*YOUR GOAL*: From the line that contains "前任的陷阱 - 第12话 - page 5" to the end of the entries, copy each line exactly, though the pictures stay out.

*INPUT*:
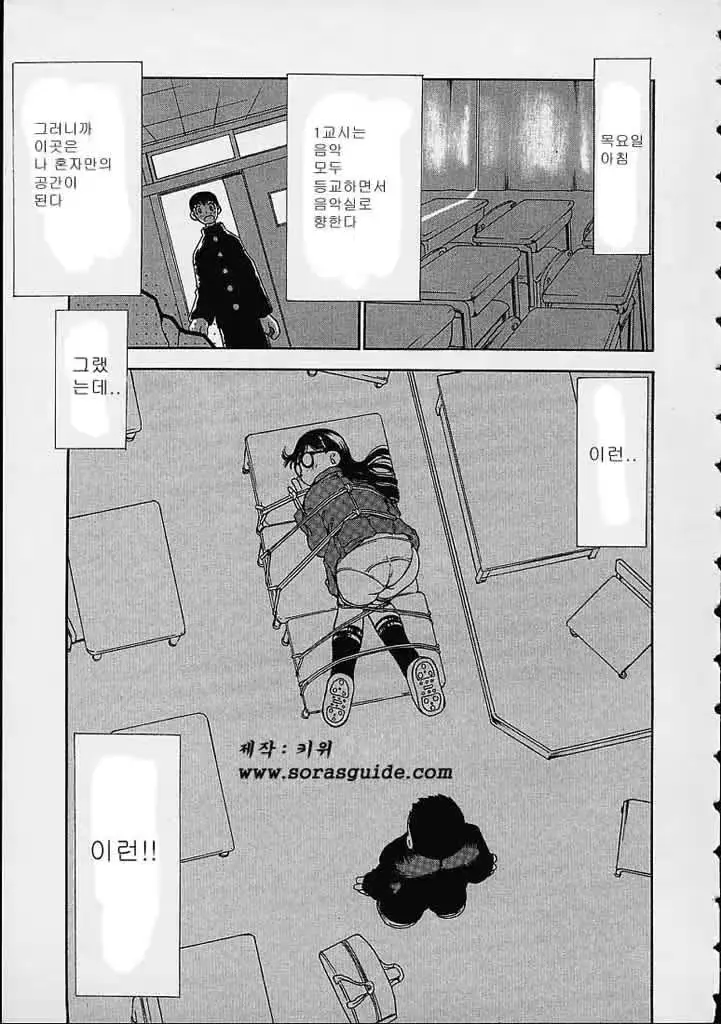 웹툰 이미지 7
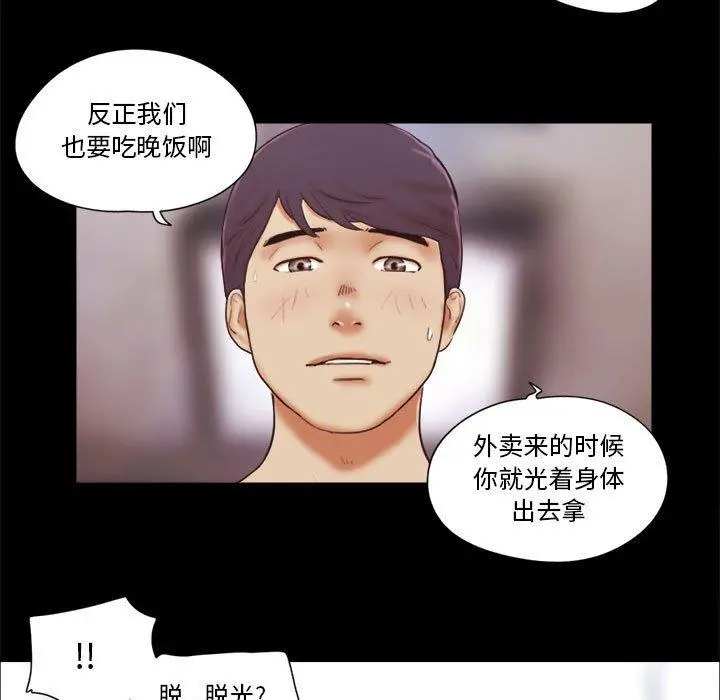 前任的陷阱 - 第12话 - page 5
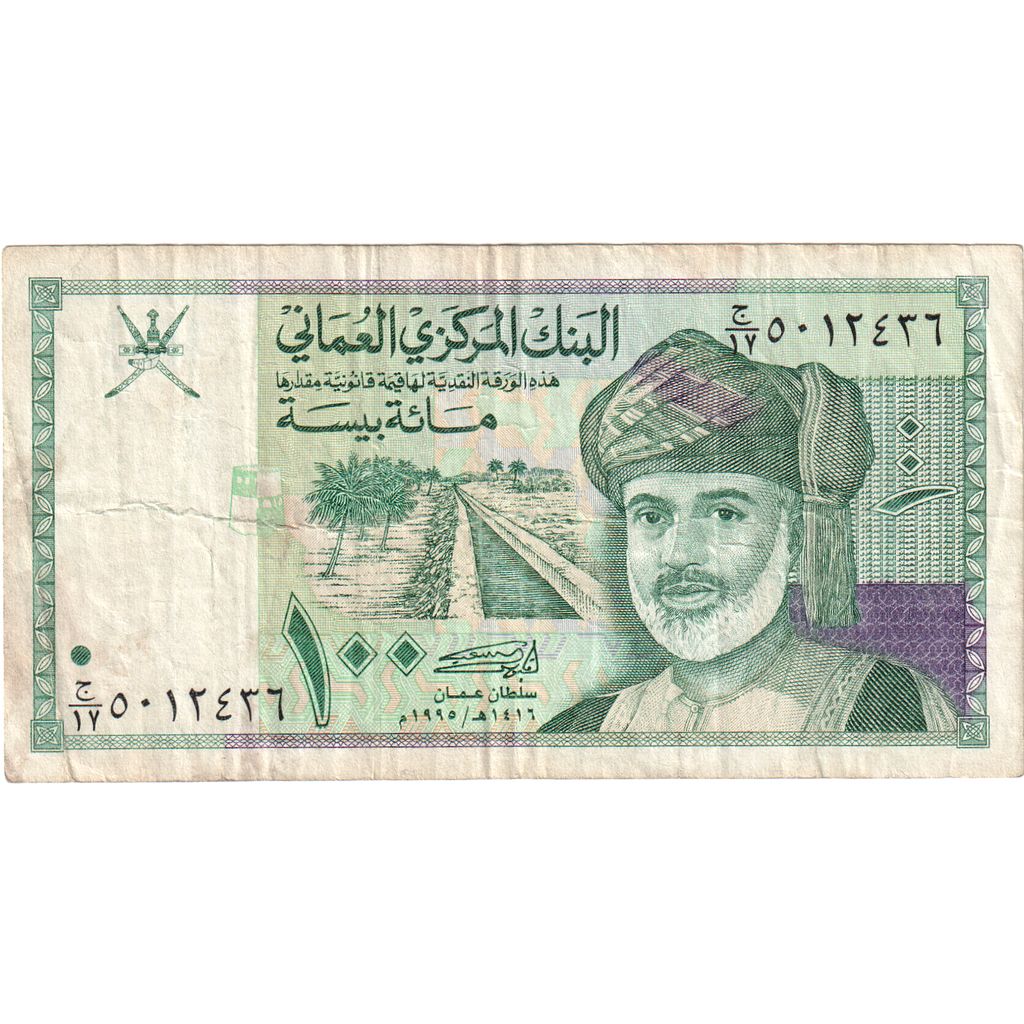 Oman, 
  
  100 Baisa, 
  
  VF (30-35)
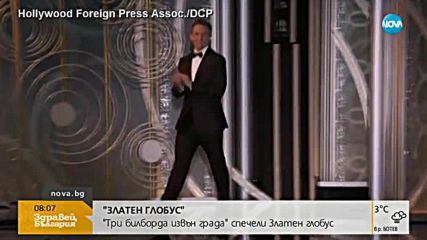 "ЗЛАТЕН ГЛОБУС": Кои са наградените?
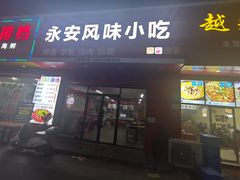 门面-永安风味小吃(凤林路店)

*YOUR RESPONSE*:
 前任的陷阱 - 第12话 - page 5
 Oman, 
  
  100 Baisa, 
  
  VF (30-35)
 "ЗЛАТЕН ГЛОБУС": Кои са наградените?
 门面-永安风味小吃(凤林路店)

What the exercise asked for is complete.